La República de Corea es un País que ha tenido un notable y rápido desarrollo económico. Sus habitantes son grandes trabajadores, disciplinados, ordenados y deben mantener la fuerza heredada de sus antepasados.
En esta situación, la Iglesia es custodia de la memoria y de la esperanza: es una familia espiritual en la cual los adultos transmiten a los jóvenes la llama de la fe recibida de los ancianos; la memoria de los testigos del pasado se transforma en nuevo testimonio en el presente y esperanza de futuro. En esta perspectiva se pueden leer los dos eventos principales de este viaje: la beatificación de 124 mártires coreanos, que se agregan a aquellos ya canonizados 30 años atrás por san Juan Pablo II; y el encuentro con los jóvenes, en ocasión de la sexta Jornada de la Juventud Asiática.
El joven siempre es una persona en búsqueda de algo por lo cual valga la pena vivir, y el mártir da testimonio de algo, es más, de Alguien por el cual vale la pena dar la vida.
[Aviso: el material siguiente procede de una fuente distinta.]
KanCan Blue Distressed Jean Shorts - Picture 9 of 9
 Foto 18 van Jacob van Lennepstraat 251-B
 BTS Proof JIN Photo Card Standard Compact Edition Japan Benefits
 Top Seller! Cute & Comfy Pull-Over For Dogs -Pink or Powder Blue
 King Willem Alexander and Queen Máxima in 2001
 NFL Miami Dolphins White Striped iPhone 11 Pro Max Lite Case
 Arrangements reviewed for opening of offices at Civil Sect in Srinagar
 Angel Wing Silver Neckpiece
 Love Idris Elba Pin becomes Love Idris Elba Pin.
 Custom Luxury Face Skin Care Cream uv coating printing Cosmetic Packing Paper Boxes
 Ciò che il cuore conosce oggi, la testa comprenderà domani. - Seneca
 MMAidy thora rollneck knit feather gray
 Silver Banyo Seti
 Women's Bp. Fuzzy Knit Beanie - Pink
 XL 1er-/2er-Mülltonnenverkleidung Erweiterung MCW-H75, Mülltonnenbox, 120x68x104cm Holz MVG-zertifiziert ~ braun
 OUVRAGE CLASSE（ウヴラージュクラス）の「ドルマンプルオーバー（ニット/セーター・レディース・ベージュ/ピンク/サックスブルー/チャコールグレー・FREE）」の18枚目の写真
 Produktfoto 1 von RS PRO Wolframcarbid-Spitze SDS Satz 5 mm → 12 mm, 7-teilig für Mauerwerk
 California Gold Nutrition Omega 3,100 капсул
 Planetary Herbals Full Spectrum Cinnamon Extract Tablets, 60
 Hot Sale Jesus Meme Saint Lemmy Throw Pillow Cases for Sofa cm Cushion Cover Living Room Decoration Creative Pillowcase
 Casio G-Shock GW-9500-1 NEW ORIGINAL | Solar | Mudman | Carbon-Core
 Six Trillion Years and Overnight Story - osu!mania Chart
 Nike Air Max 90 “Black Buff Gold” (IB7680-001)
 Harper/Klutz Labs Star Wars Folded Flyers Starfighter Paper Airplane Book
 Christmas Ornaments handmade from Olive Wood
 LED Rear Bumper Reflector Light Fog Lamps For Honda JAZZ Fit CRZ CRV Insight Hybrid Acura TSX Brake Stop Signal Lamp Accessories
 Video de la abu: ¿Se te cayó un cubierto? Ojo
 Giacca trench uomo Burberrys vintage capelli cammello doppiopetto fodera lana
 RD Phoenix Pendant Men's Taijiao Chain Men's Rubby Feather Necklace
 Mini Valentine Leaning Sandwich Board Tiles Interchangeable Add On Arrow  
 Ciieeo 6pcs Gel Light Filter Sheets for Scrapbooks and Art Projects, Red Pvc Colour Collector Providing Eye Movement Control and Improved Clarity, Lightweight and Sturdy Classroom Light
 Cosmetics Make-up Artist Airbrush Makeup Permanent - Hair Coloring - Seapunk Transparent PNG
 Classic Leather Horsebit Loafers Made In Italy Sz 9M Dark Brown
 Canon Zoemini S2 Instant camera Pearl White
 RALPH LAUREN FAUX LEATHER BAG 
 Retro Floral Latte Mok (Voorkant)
Esta realidad es el Amor de Dios, que se ha hecho carne en Jesús, el Testigo del Padre. En los dos momentos del viaje dedicados a los jóvenes, el Espíritu del Señor resucitado nos ha llenado de alegría y de esperanza, que los jóvenes llevarán a sus diversos países, ¡y que harán tanto bien!
La Iglesia en Corea custodia también la memoria del rol primario que tuvieron los laicos ya sea en los albores de la fe como en la obra de evangelización. En aquella tierra, de hecho, la comunidad cristiana no fue fundada por misioneros sino por un grupo de jóvenes coreanos de la segundad mitad del 1.700, los cuales quedaron fascinados por algunos textos cristianos, los estudiaron a fondo y los eligieron como regla de vida. Uno de ellos fue enviado a Pekín para recibir el Bautismo y luego este laico bautizó a los compañeros. De aquel primer núcleo se desarrolló una gran comunidad, que desde el comienzo y por cerca de un siglo sufrió violentas persecuciones, con miles de mártires. Por lo tanto, la Iglesia en Corea está fundada sobre la fe, sobre el compromiso misionero y sobre el martirio de los fieles laicos.
Los primeros cristianos coreanos se propusieron como modelo la comunidad apostólica de Jerusalén, practicando el amor fraterno que supera toda diferencia social. Por eso he alentado a los cristianos de hoy a que sean generosos en el compartir con los más pobres y los excluidos, según el Evangelio de Mateo en el capítulo 25: "Les aseguro que cada vez que lo hicieron con el más pequeño de mis hermanos, lo hicieron conmigo".